◆ **Work to complete**
When a line in the listing below contains the word "from", return a copy of that line.

◆ **Data in this exercise**
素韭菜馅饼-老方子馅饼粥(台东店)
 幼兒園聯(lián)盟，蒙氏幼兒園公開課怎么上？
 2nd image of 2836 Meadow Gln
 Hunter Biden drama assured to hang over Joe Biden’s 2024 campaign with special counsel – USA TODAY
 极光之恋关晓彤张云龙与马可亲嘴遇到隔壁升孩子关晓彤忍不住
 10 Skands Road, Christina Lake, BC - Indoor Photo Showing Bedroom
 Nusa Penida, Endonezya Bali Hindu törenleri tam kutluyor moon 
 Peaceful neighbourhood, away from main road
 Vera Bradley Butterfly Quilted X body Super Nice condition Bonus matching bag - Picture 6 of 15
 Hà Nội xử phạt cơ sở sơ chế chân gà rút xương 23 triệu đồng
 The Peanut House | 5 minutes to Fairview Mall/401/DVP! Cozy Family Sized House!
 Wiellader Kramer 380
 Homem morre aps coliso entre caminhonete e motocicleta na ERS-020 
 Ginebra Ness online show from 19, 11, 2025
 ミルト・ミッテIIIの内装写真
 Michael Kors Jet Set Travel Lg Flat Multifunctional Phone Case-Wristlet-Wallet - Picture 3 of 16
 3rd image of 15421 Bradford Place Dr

◆ **Completed exercise**
 Peaceful neighbourhood, away from main road
 Ginebra Ness online show from 19, 11, 2025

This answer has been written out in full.